SoHE's Create The Future Campaign
100 Women Campaign
The School of Human Ecology has always been an intimate space on a large campus, a place where students work with faculty members one-on-one and a place where faculty freely collaborate with one another across departments, disciplines and decades. Our new 100 Women Campaign ensures that our new building with reflect these human connections. The campaign provides a means for alumni and friends to honor a woman for her contributions to family and community, and for her embodiment of the School’s mission to improve the quality of human life. With a gift of $100,000, an honoree joins the roster of 100 Women, who will be memorialized through an artful Wall of Honor in the renovated and expanded Human Ecology building. A growing number of women have already been honored, and this recognition has further extended their significant contributions to future generations.

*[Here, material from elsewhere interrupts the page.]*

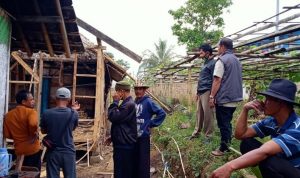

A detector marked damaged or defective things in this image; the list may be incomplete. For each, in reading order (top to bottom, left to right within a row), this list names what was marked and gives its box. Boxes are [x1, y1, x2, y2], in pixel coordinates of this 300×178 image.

“The reward – helping Human Ecology and its students create a better future – is life-changing,” said Dean Robin A. Douthitt.
Nancy Nicholas provides School of Human Ecology $8 million lead gift

School of Human Ecology graduate Nancy Johnson Nicholas and her husband, Albert “Ab” Nicholas, generously provided an $8 million lead gift for a new addition and remodeling of the school’s historic building. “The education that students receive is top notch, but the facilities make it very difficult for everyone involved,” Nicholas said. “Helping to create a new learning environment under one roof that will benefit the students, the faculty, the staff and the collections is exciting.” The improved facilities will for the first time accommodate all functions of the school within a single building and will meet the requirements for research, creative endeavors and education, and outreach. Nancy Johnson Nicholas on the 100 Women Campaign: “ I don’t’ think many women have been given credit for what they do, particularly older women who were raising their children when it was less common for women to work, yet what they contributed to their families and communities was very important. It’s wonderful to recognize some of these people who have devoted their life to their family and community.”